Exercise description: Please print the full listing below exactly, but not the pictures in it.
· · · ·
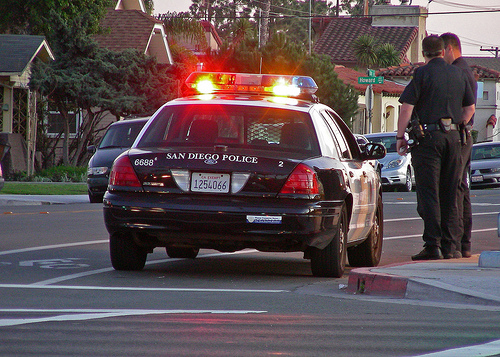 San Diego Police Car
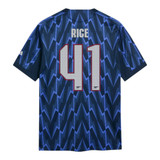 RICE #41 Arsenal 25/26 Authentic Men's Away Shirt - Arsenal Font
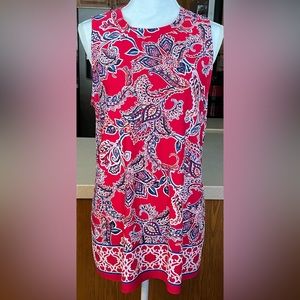 Apt. 9 Swing Tank Paisley Red White and Blue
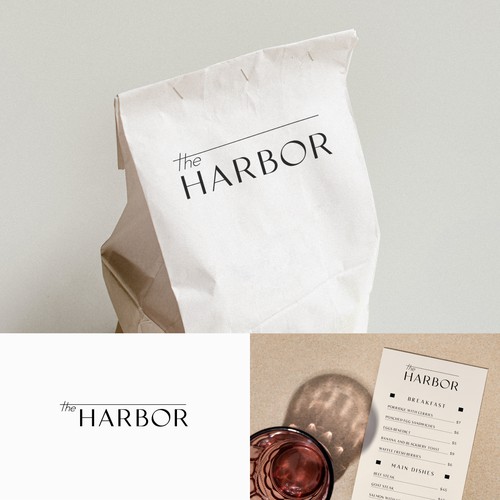 Harbor logo with the title 'Wordmark Logo for restaurant'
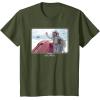 imageStar Wars Ahsoka Part 5 White Costume ampamp Purrgil StarWhales TShirtOlive Green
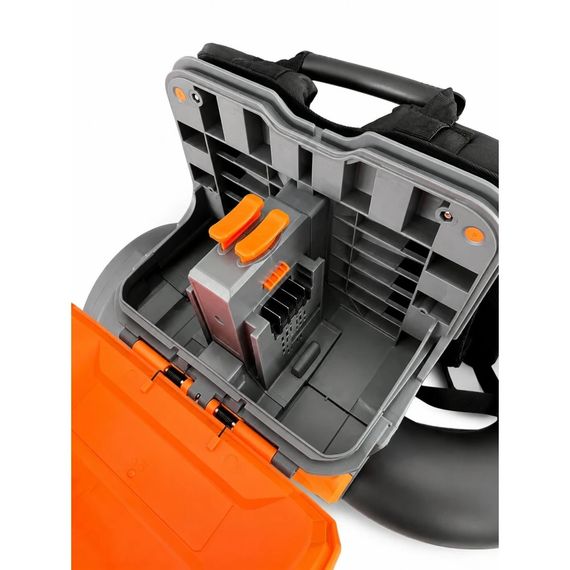 Повітродув акумуляторний GTM ABR56/1360BL ранцевий (90 м/с, 22.7 м3/хв, BL, GTM 56 В, без акумуляторів та зарядного пристрою) | Зображення 2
· · · ·
Solution to the exercise:
 San Diego Police Car
 RICE #41 Arsenal 25/26 Authentic Men's Away Shirt - Arsenal Font
 Apt. 9 Swing Tank Paisley Red White and Blue
 Harbor logo with the title 'Wordmark Logo for restaurant'
 imageStar Wars Ahsoka Part 5 White Costume ampamp Purrgil StarWhales TShirtOlive Green
 Повітродув акумуляторний GTM ABR56/1360BL ранцевий (90 м/с, 22.7 м3/хв, BL, GTM 56 В, без акумуляторів та зарядного пристрою) | Зображення 2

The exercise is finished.